This invention relates generally to improvements in devices and procedures for artificial joint replacement (arthroplasty). More specifically, this invention relates to an improved intramedullary bone plug for confining or restricting the placement of bone cement introduced under pressure into the medullary canal of a patient bone during arthroplasty surgery, such as a hip joint replacement.
Artificial or prosthetic joint structures are used extensively to repair or replace a patient joint, particularly such as hip, knee and shoulder joints. The prosthesis typically comprises a biocompatible structure or structures formed from cobalt-chrome alloy with a size and shape for secure affixation to a surgically resected patient bone. In many cases, the prosthetic device includes an elongated stem for slide-fit placement into the exposed medullary canal of a resected patient bone, such as the upper end of a patient's femur in the case of a hip replacement. A bone cement, typically methyl methacrylate, is often introduced under pressure into the medullary canal to provide a positive and stable prosthesis attachment to the patient bone. The pressurized bone cement is intended to fill the interstices of the bone structure in surrounding relation to the prosthetic device to result in optimal prosthesis fixation.

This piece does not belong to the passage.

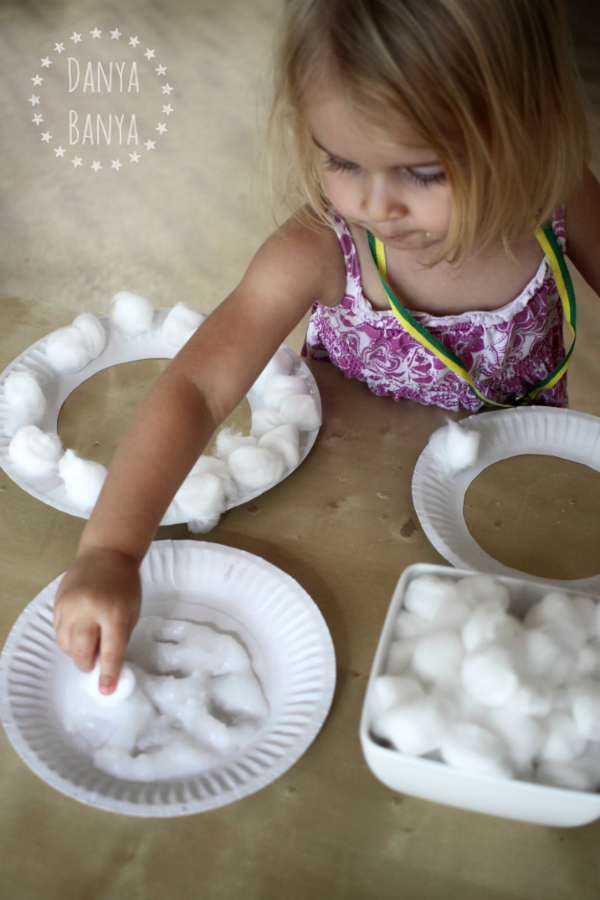 Pasting cotton wool to make paper plate sheep masks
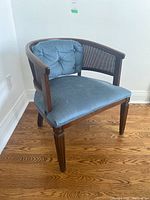 Front angle view of cane backed upholstered chair with blue seat and back cushions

When pressurized bone cement is introduced into the medullary canal, it is necessary or desirable to use a restrictor or plug element to confine the cement to surrounding relation with the prosthesis, rather than to permit the bone cement to travel distally through the medullary canal in a direction away from the prosthesis. In this regard, numerous restrictor or plug devices have been developed for this purpose, and are adapted to be installed into the medullary canal immediately prior to placement of the prosthesis and bone cement. However, such prior restrictor or plug devices have not functioned in a fully satisfactory manner. To the contrary, such prior restrictor or plug devices have suffered from bypass leakage of the bone cement, or alternately from undesired sliding movement in a distal direction when subjected to bone cement under pressure. Either problem results in inadequate pressurization of the cement and corresponding less-than-optional fixation of the prosthesis.
There exists, therefore, a significant need for an improved bone plug for use in orthopedic surgery, wherein the bone plug is securely anchored within the medullary canal and further provides a high quality seal to prevent bypass leakage of cement. The present invention fulfills these needs and provides further related advantages.